Apple introduced its latest iPhone lineup, with 5G as the exciting new feature of the iPhone 12 family.
The Californian tech giant launched four new iPhone models with varying price points and display sizes at the event, including an iPhone 12, iPhone 12 mini, iPhone 12 Pro, and iPhone 12 Pro Max. Although most of the features were expected prior to the event, the consensus among analysts is that the 5G compatibility will be one of the key drivers of iPhone growth over the next few years.
“This is a huge leap for iPhone, bringing the best 5G experience in the market and delivering our most advanced technologies to users who want the absolute most from their iPhone,” said Greg Joswiak, Apple’s Marketing SVP. “Each generation of iPhone has changed what we expect from a smartphone, and now with 5G, iPhone 12 Pro provides a new generation of performance.”
Krish Sankar, lead analyst at investment bank Cowen, didn't see any major surprises from the iPhone 12 event, but noted that the addition of 5G across the lineup could "enable a longer strong cycle."
Sankar forecasts that iPhone unit shipments could grow 12% year-over-year to 208 million units in 2021, and an additional 3% to 214 million units the following year. He also notes that overall pricing rose moderately on a blended basis compared to the iPhone 11 lineup.
Some analysts believe Apple is taking a serious bet on 5G adoption and expansion, and may be introducing a device that the market is not ready for.
Tim Long, senior research analyst at Barclays, raised a number of questions around Apple’s new 5G technology.

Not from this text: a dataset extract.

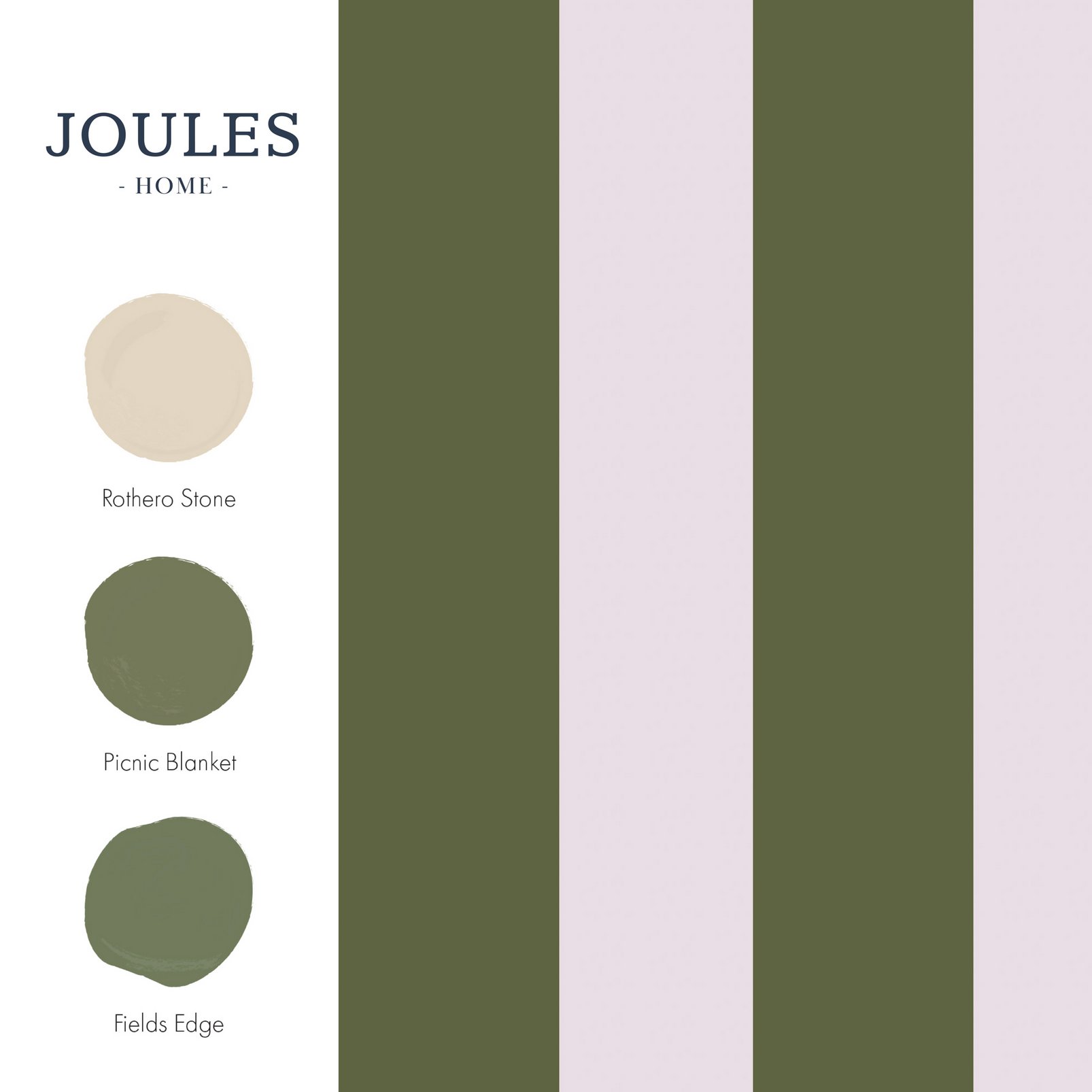Joules Harborough Stripe Olive Green Wallpaper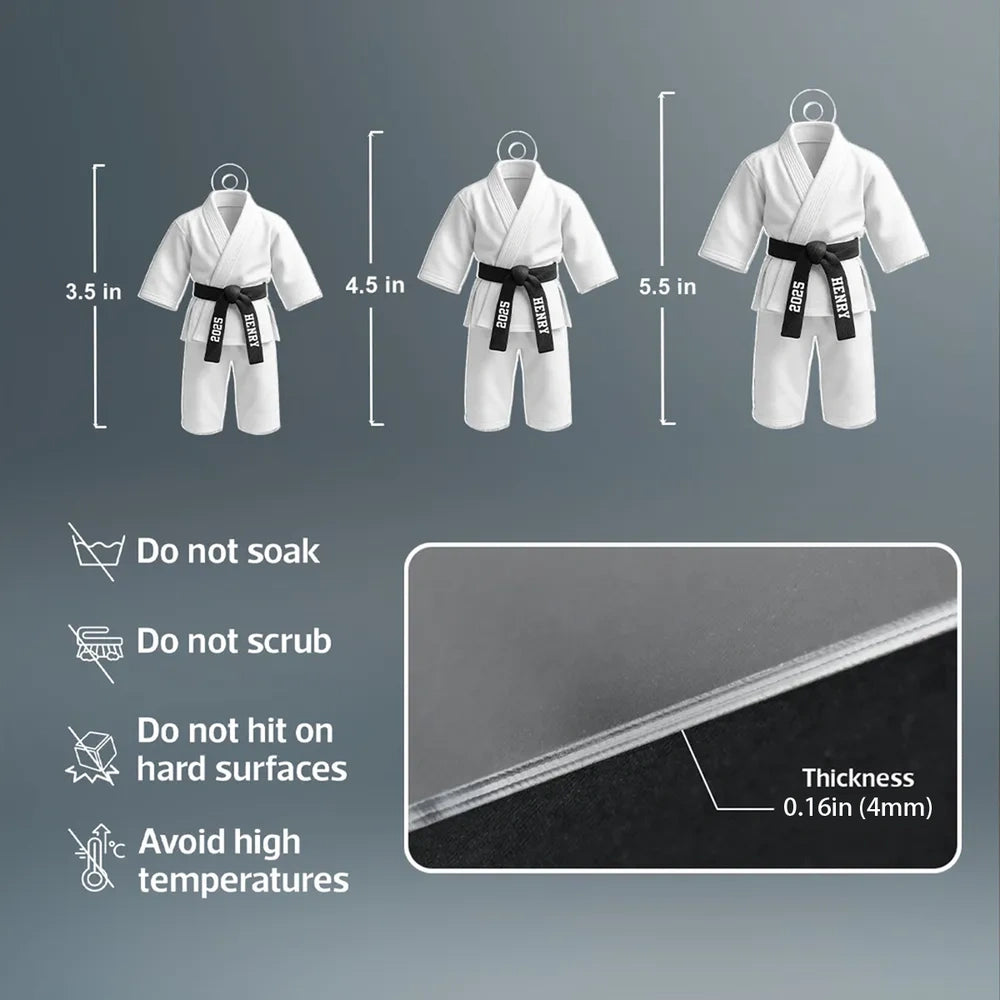 Personalized Martial Arts Uniform Acrylic Ornament, Unique Gift for Kids or Grandkids, Cute Dojo Keepsake for Home Decor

“We’ve been a little bit more skeptical on the iPhone side for the last few years here. It’s been a time since they’ve had a real hit. Remember that the 10 was supposed to be a supercycle as well. We didn’t really see it so we’ve seen a lot of changes as far as customers’ willingness to pay really since that iPhone 10 so there’s been a lot more mixing down and of course now really the new feature here is 5G. … When we have a new technology, we struggle with – is it worth the cost? Are there applications? What’s it going to do with my battery? What will the coverage look like?”
Nilay Patel, editor in chief of The Verge, is also skeptical about the uses of 5G.
“In the middle of Apple’s pitch for 5G, they announced a feature called Smart Data Mode … the thing that Smart Data Mode does for you is it turns 5G off to save battery life. So not only is the network not ready, the hardware, because the networks are new and the modems are new, is going to drain your battery life if you overuse 5G. So the phone itself unless you’re doing something that demands a lot of speed is going to turn 5G off almost most of the time. I did not see a single compelling use case for 5G in that entire presentation, other than the speed test app.”